Ngāti Ranginui and Ngātiwai descendant Anthony Pita spent 2020 tutoring a kapa haka, self-publishing a novel and becoming the first Māori dux for Rosmini College.
By Bronson Perich
Titled The Harder We Try, Pita’s first publication is, in the 17-year-old’s words, a "coming of age sports book". The hero of the story is a taiohi Māori who survives cancer and has set his sights on playing professional rugby.
“It’s very deep, it’s very philosophical,” he says.
“It’s very fun, it’s sarcastic and it’s me.”
The very first copy was printed with a koha from his mother Sharon, who had no idea she was paying for her son’s first novel. His father Morris didn’t know about the book until it arrived in the mail.
The first and second print runs of the book were paid for by online pre-sales.
The self-published author has been writing since he was in primary school.
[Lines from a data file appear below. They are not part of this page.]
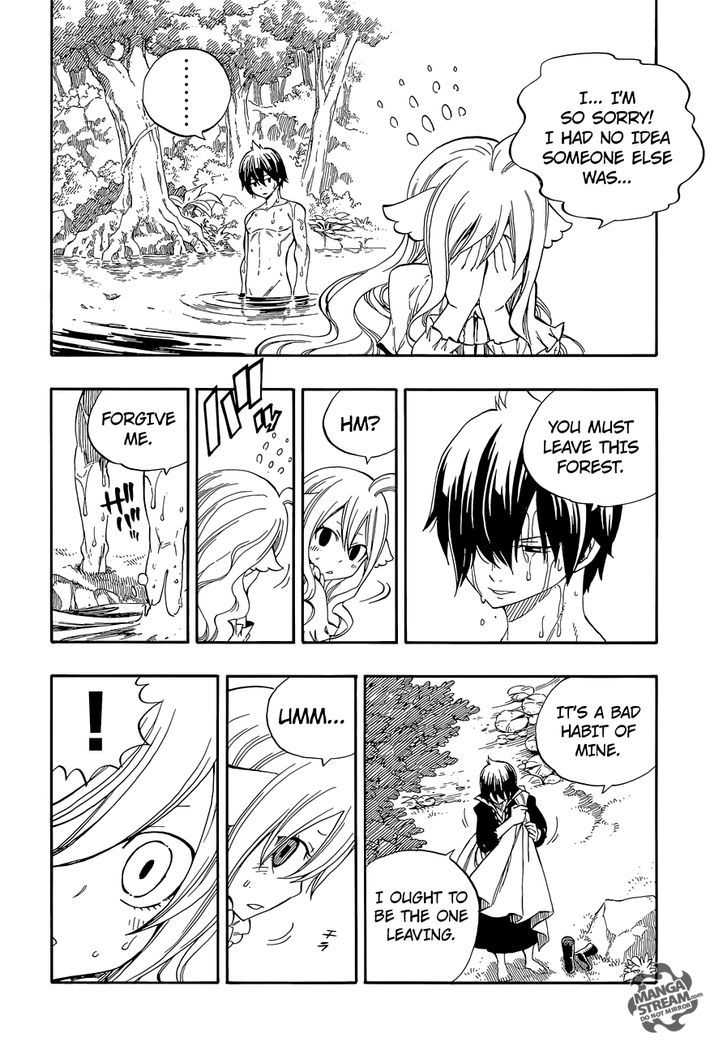 Fairy Tail Zero - Chapter 7 : Black Mage Mavis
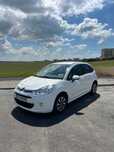 2016, Citroen C3, 1.6 diesel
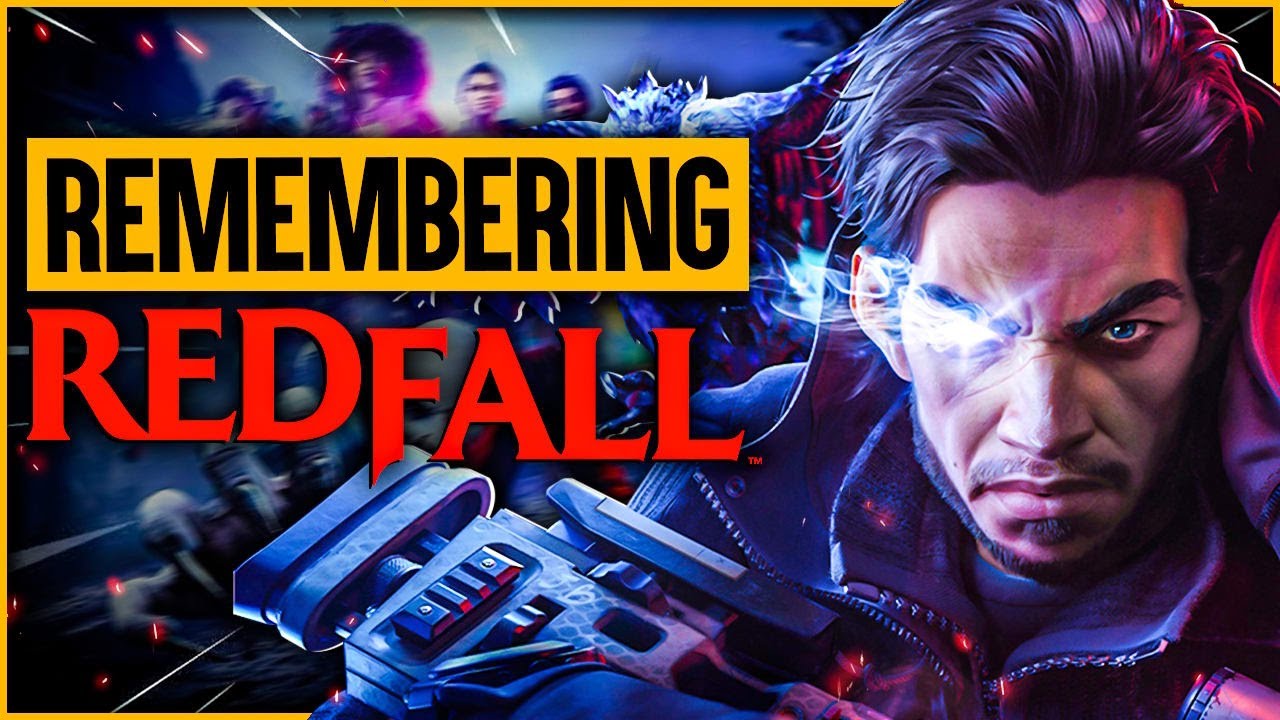 Has Redfall Finally Been Fixed?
At the age of seven, he wrote a comic-strip.
Sharon Pita says her son has always set impossible goals and dreamed big. So it’s no surprise to her that Anthony wants to win an Oscar and a Nobel Prize in Literature.
“If someone doubts me or doesn’t think I can do it, that makes me so determined to work harder and smarter than everybody else to get that goal,” Pita says.
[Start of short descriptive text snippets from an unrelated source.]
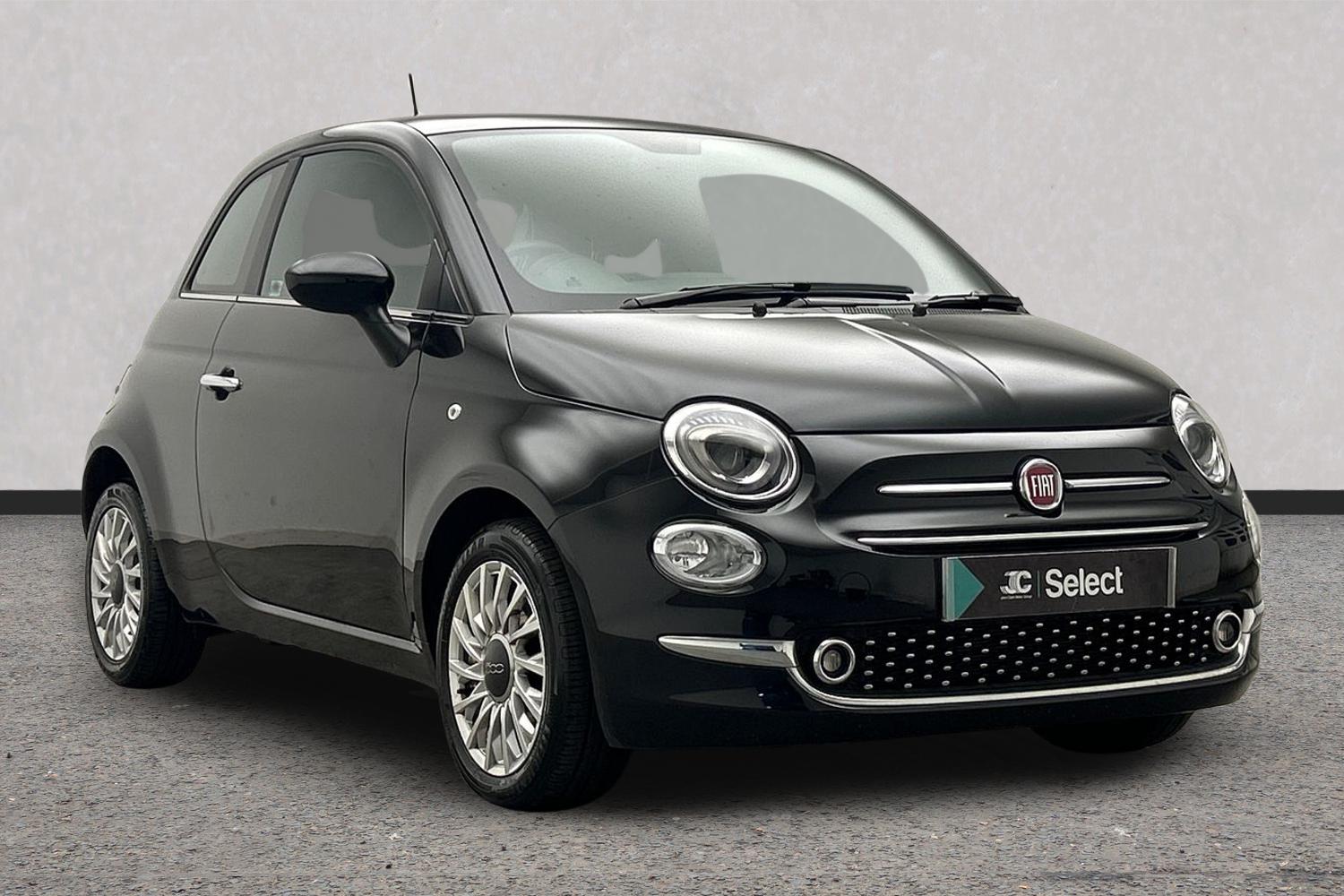 2024 Fiat 500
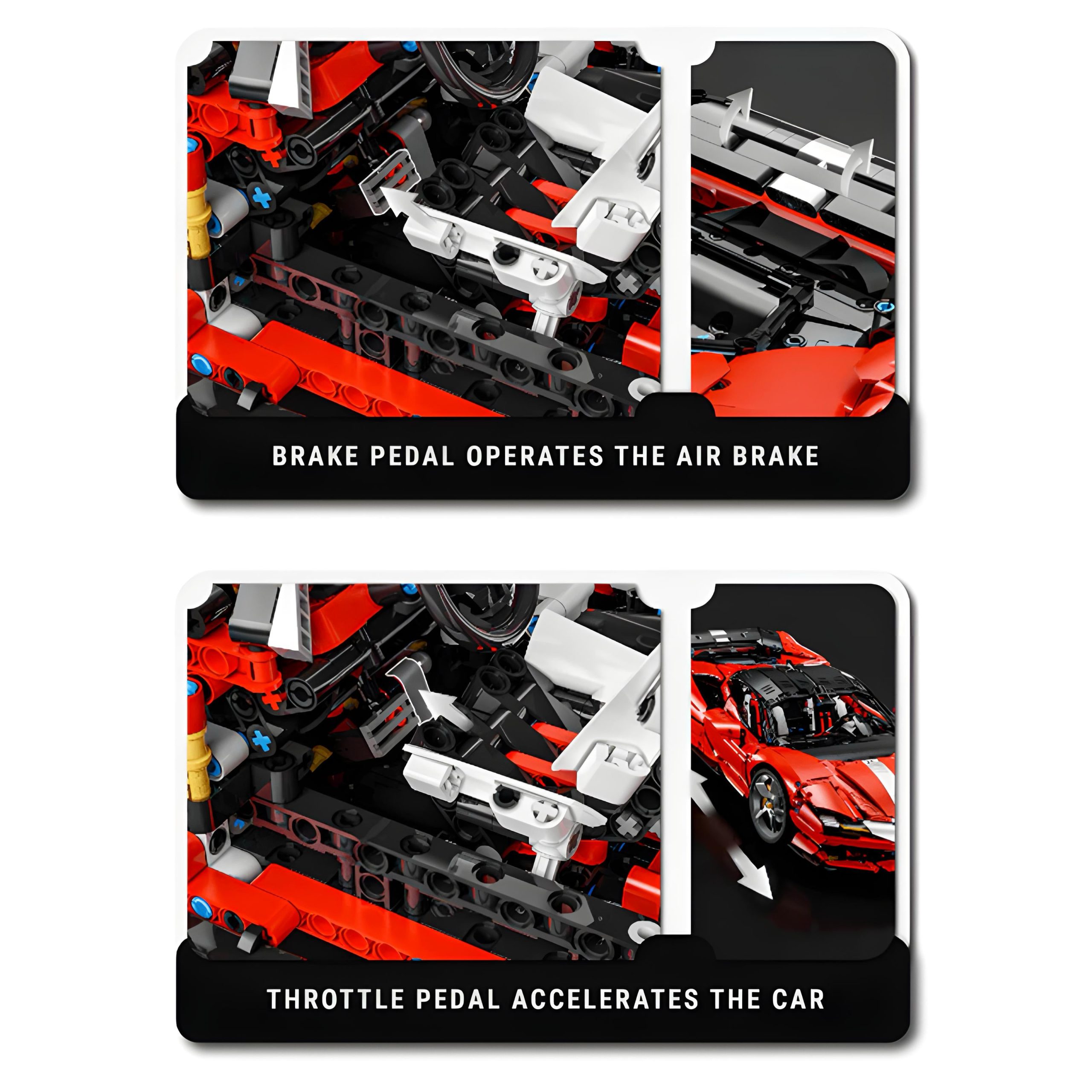 THE ULTIMATE SF90 | 4099PCS - Image 5
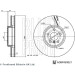 Blue Print | Bremsscheibe | ADBP430021 Blue Print | Bremsscheibe | ADBP430021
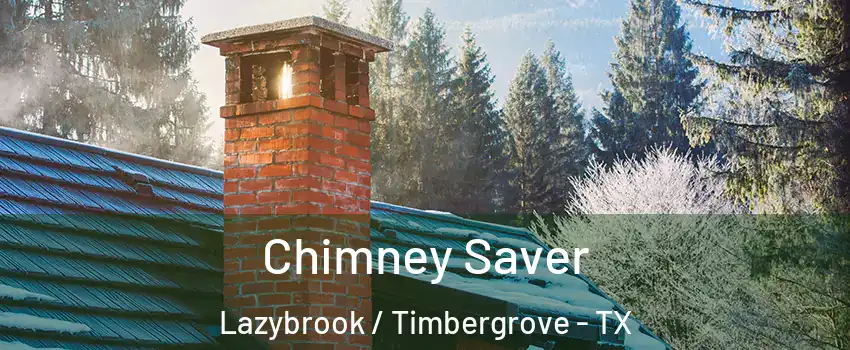 Chimney Saver Lazybrook / Timbergrove - TX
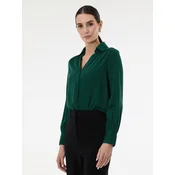 Zelena ženska bluza ORSAY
“I really want to branch out, working with someone like Taika Waititi.”
Seeing Waititi win his Oscar for Jojo Rabbit was an inspiration for the young creative.
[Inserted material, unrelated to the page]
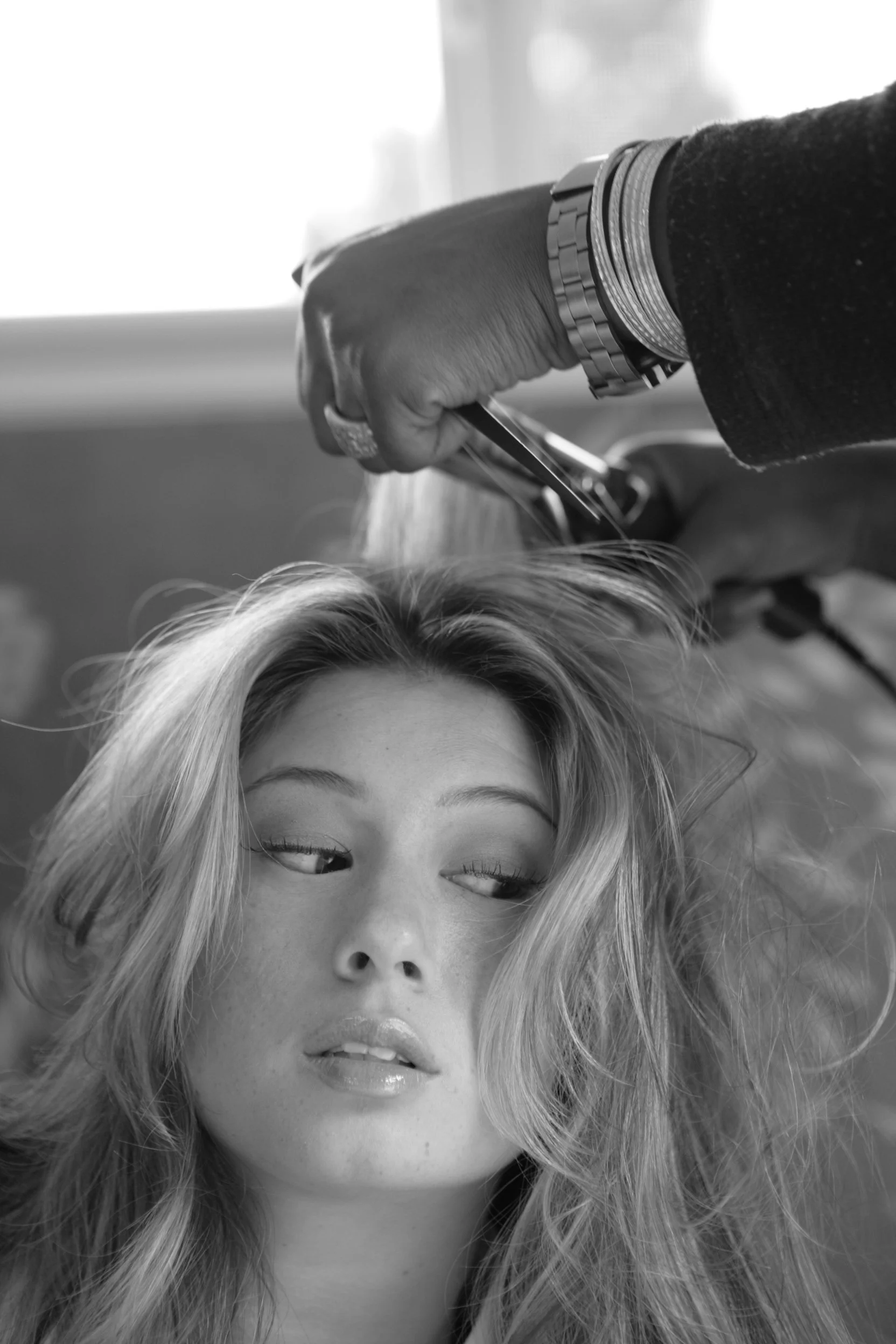 Myiesha Devonne Textured Hair Salon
An equally proud father, Morris Pita recounts how Anthony put his hand up to tutor kapa haka with his old primary school, St Leo’s Catholic School, and took them to North Shore competitions. His younger brother is expected to take over the team soon.
Anthony Pita is planning on studying law, psychology and te reo in 2021 and would love to have The Harder We Try translated into te reo.